__WORK ITEM__. Repeat all of the data word for word so that only the pictures are missing from the copy.

__ENTRIES SHOWN__.
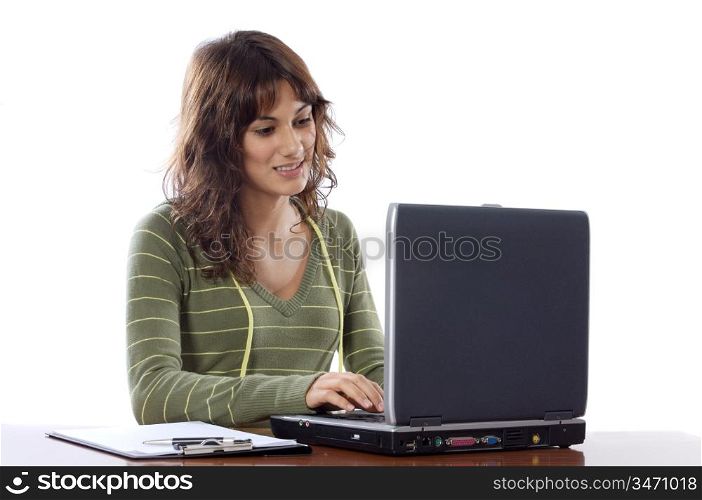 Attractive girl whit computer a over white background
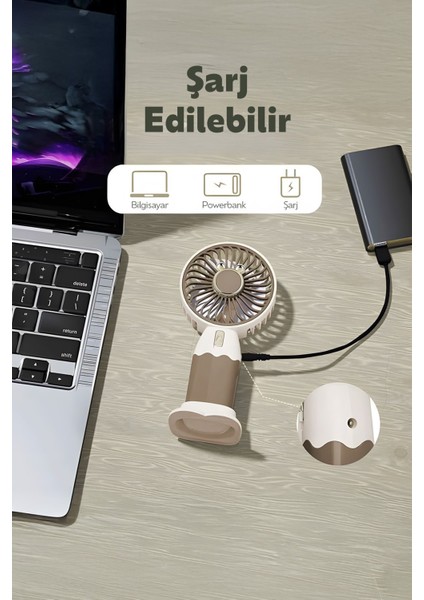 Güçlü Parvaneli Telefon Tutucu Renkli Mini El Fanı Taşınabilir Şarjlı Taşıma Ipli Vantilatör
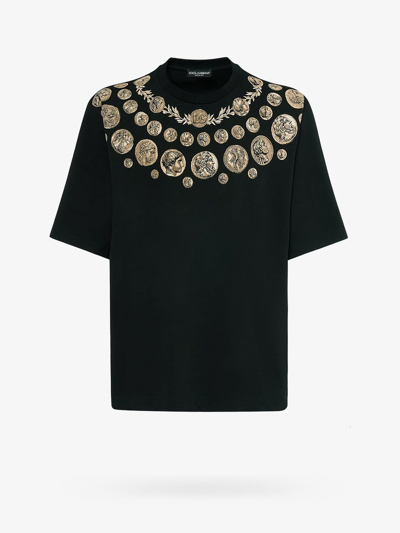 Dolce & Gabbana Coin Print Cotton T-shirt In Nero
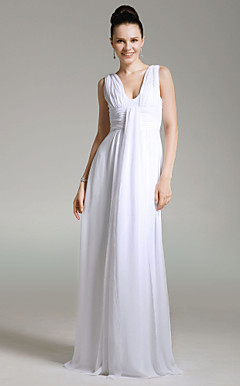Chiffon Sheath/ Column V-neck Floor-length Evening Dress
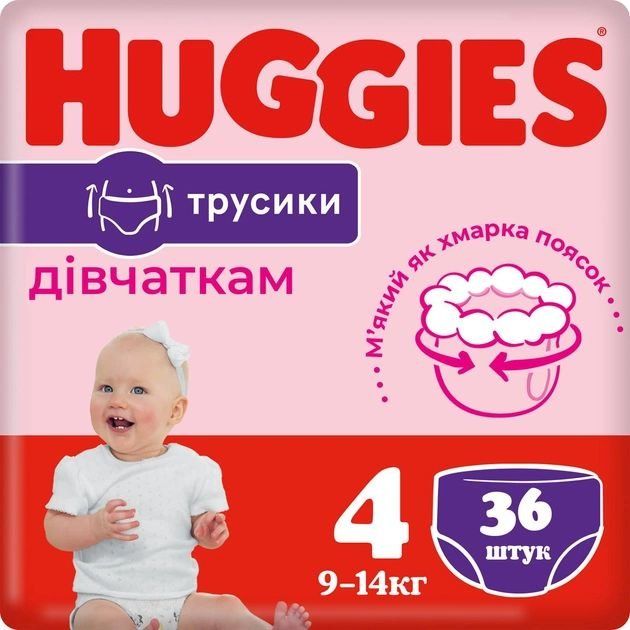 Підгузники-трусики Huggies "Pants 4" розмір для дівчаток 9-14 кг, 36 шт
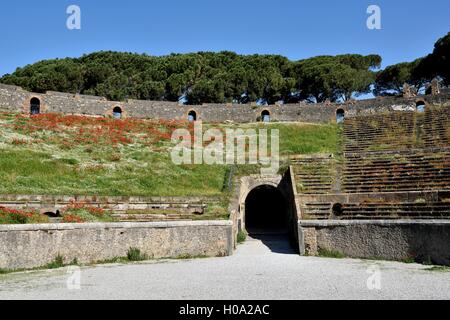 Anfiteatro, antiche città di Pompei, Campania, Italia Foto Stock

__RESPONSE TO THE TASK__.
 Attractive girl whit computer a over white background
 Güçlü Parvaneli Telefon Tutucu Renkli Mini El Fanı Taşınabilir Şarjlı Taşıma Ipli Vantilatör
 Dolce & Gabbana Coin Print Cotton T-shirt In Nero
Chiffon Sheath/ Column V-neck Floor-length Evening Dress
 Підгузники-трусики Huggies "Pants 4" розмір для дівчаток 9-14 кг, 36 шт
 Anfiteatro, antiche città di Pompei, Campania, Italia Foto Stock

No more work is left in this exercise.